第2話:美少女・イケメン勢ぞろいのクラス

 そう。この三年A組には、去年の二年生時の人気総選挙での男女それぞれのベスト3が、なんと全員集結してしまっているのである。


 しかもそのベスト3は、4位以下を圧倒的に引き離すほど、人気が高い男女なのだ。今司会をやってる超イケメン秀才、主意おもいは去年の人気総選挙2位だった男だ。


 つまり去年の学年人気ベスト3が同じクラスということは、今年はその中から男女一人づつしか総選挙に出られないということだ。


 誰がこの熾烈な争いを勝ち抜くのか? 誰だって興味津々でいる。



 誰だってと言ったが、広志はそういうのにまあ、あまり興味がない。だけどみんなが喜ぶならあえて反対はしないというスタンスだ。広志が教室を見回すと、ほぼ全員が「さんせーい!」と声を上げている。


 あ、広志はどこから見ても平凡で冴えない見た目だから、もちろん人気ベスト3ではない。それどころか一年時も二年時も、予備選挙でも票は入ったことがない。


 だけど、だからと言って、人気選挙を嫌がる風でもなく、みんなが楽しけりゃいいのだ。



 ベスト3は男も女も、誰が見てもイケメン、そして美少女揃いだ。この世界高校は非常に才能豊かな生徒が集まってることで有名なのだけど、それだけではなくて見た目偏差値も高い男女が多く在籍している。


 女子の人気ベスト3は、世界高校の3人の美女だから『世界三大美女』と呼ばれてる。そして男子の人気ベスト3は『世界イケメン三銃士』と名づけられている。


(うーん、なかなかに秀逸なネーミングだ。誰が言い出したか知らないけど)



 みんなが賛成したから、配られた紙に『彼氏・彼女にしたい』異性の名前を書いて、投票することになった。主意おもいがそれを集めて、すぐに集計する。


 用紙をバラバラっと見ていくだけで、ほぼ正確に票数をカウントしていく、おそるべき主意おもいの能力のおかげで、1分もしないうちに集計が整った。


 とは言っても、お互いに知らない者も多い中で、世界三大美女と世界イケメン三銃士は誰でも知ってるのだから、ほとんどの票がこの6人に集中するであろうことは、誰しもが予測している。


 三年A組は男子19名、女子20名の総勢39名。男子は好きな女子の名を書き、女子は好きな男子の名を書く。基準は『彼氏(彼女)にしたい異性』。それだけ。


「じゃあ発表します」


 主意おもいの声に、教室中がしーんと静まり返った。

 誰が現段階で人気ナンバーワンなのか。それが今、明らかになる。


「まずは男子。真田さなだ カケル6票。天河てんかわ ヒカル6票。そして僕、主意おもい 兼継かねつぐ6票」


 おおーっ! 教室中がどよめく。この三人の名は、もちろん全員イケメン三銃士たち。それがまったく同票数で並ぶとは。


「ん? 6かける3で18票。あと2票は?」


 誰かがすぐに気づいた。女子は20名いる。小学生でもわかることだ。


「あと2票は、空野そらの 広志ひろし……くんかな」


 広志と主意おもいは同じクラスになったことがない。しかも主意おもいからすると、人気総選挙で見かけたこともない名前だった。

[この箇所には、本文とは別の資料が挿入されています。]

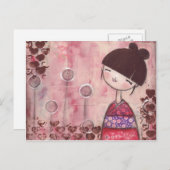 Haru Postcard Postkarte (Vorne/Hinten)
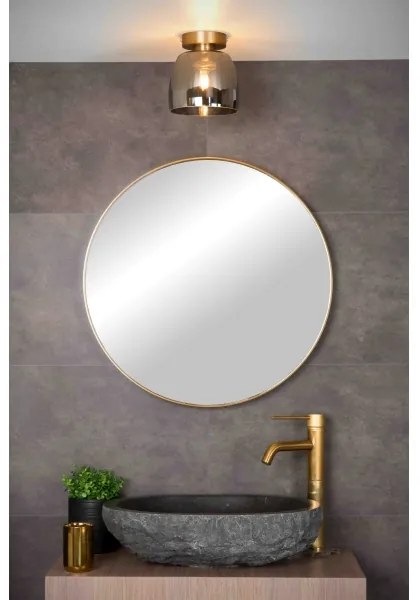 Lucide 30164/01/02 - Kúpeľňové stropné svietidlo TYLER 1xG9/33W/230V IP44 zlatá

 だから主意おもいは誰だかわからない広志の名前を、戸惑いながら読み上げたのだった。


「だれ、それ?」

「しらなーい」


 クラス39人のうち、広志が同じクラスになったことがあるのは6~7名。帰宅部だし、普段から影の薄い広志のことを知らない者が多くて当然だ。


「うーん、困ったね。男子のクラス委員長を決められない」


 主意おもいは腕組みをして、端正な顔を歪めながら首を斜めに傾ける。


「えっと……誰かな? 空野君って」

「あ、僕だ」


 教室中を見回した主意おもいの言葉に、広志は仕方なく手を上げて立ち上がった。


 クラス中の視線が広志に集まる。


「えっ? あんな地味な子?」

「誰よ、あれ」

「あんなヤツに1票でも入るのって、おかしくないか?」

「だよな。自分で自分の名を書いたんじゃね?」


 教室内がざわざわしだした。


「はい。地味で平凡な空野広志です! でも自分で自分の名前は書いてません」


 男子が男子の名前を自分で、しかも2票も書いたら、票数が合わなくなるからすぐにわかる。だからそんなことをするはずがない。それをみんなはわかった上で、男子も女子も面白がってそんなことを言ってる。


(地味で平凡な僕に票が入ったなんて、まあみんなのリアクションはコレで当たり前だよな)


 広志は特に腹も立てずにニコニコしていた。